**Task details**
What you return should match the listing exactly, minus its images.

**Supplied information**
^^^^
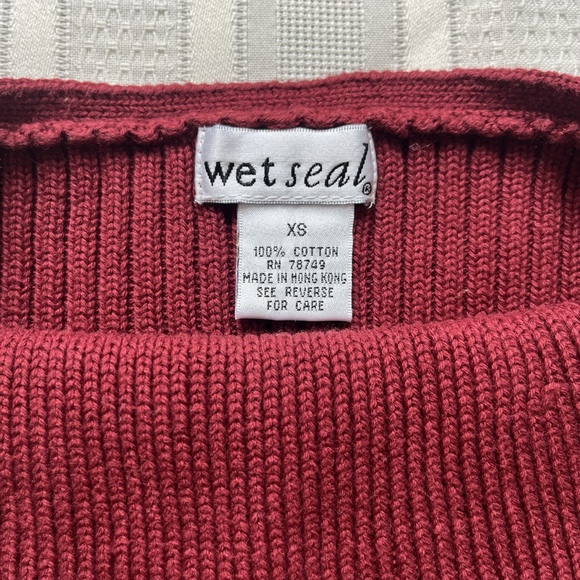 Vintage Wet Seal Y2K Ribbed Red Halter Top Size XS Boho Festival Crop Tank Top - Picture 4 of 12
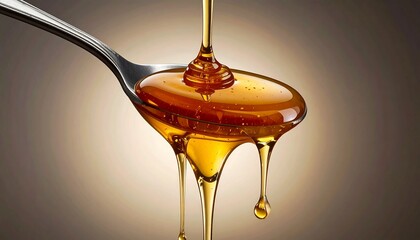 Close-up of spoon dripping amber-colored viscous liquid against dark blurred background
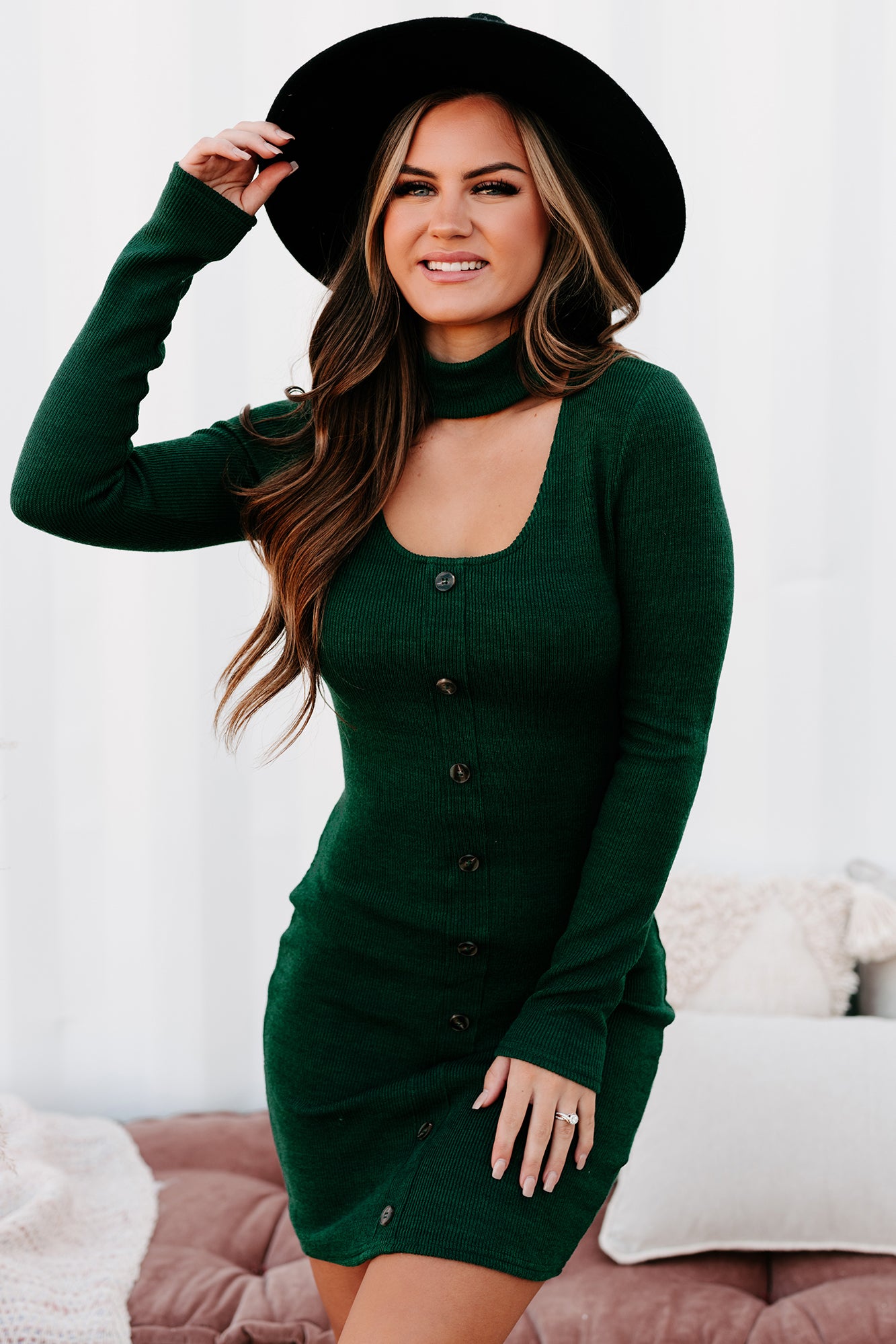 Hunter green shop long sleeve dress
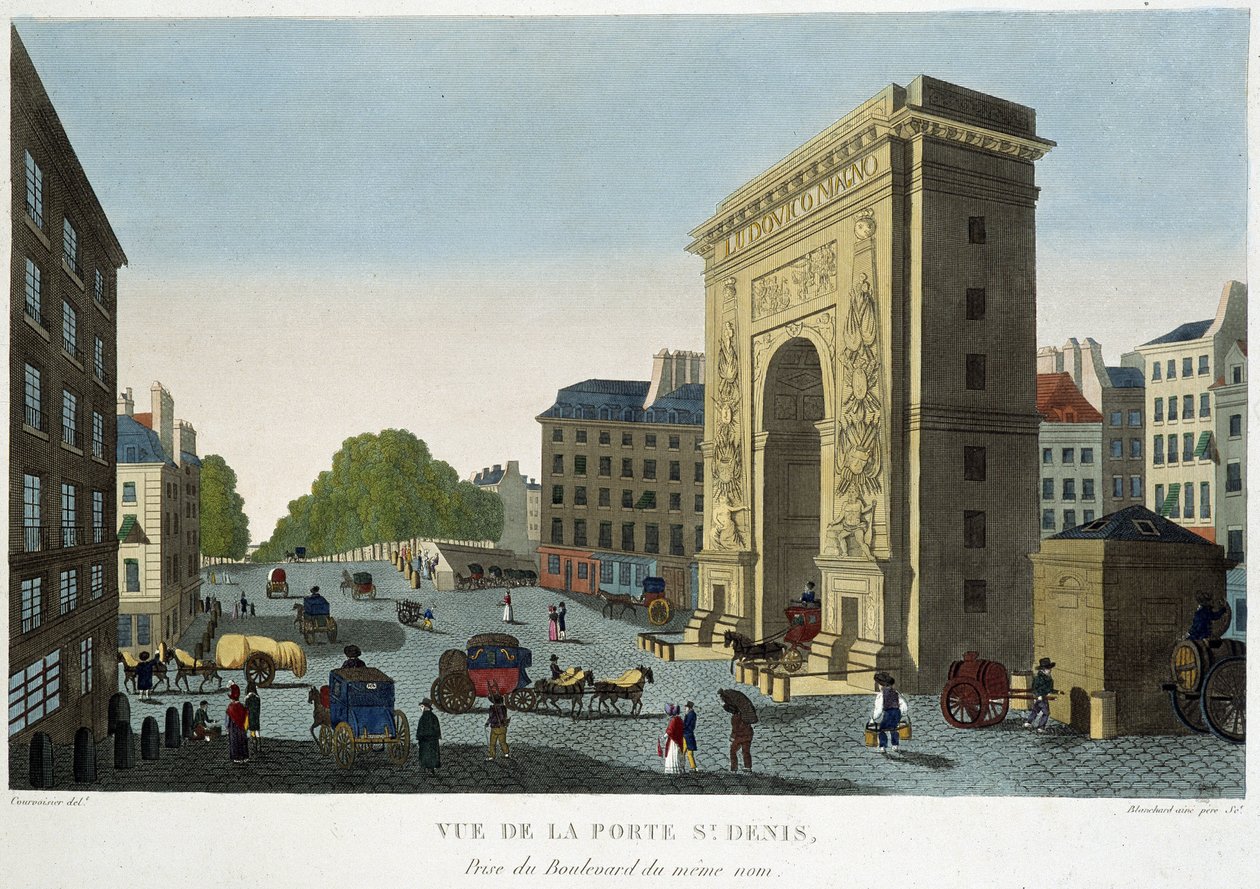 Vue de la Porte de Saint-Denis - dans « Vues de Paris » par Courvoisier - Henri Courvoisier Voisin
^^^^
**Output**
 Vintage Wet Seal Y2K Ribbed Red Halter Top Size XS Boho Festival Crop Tank Top - Picture 4 of 12
 Close-up of spoon dripping amber-colored viscous liquid against dark blurred background
 Hunter green shop long sleeve dress
 Vue de la Porte de Saint-Denis - dans « Vues de Paris » par Courvoisier - Henri Courvoisier Voisin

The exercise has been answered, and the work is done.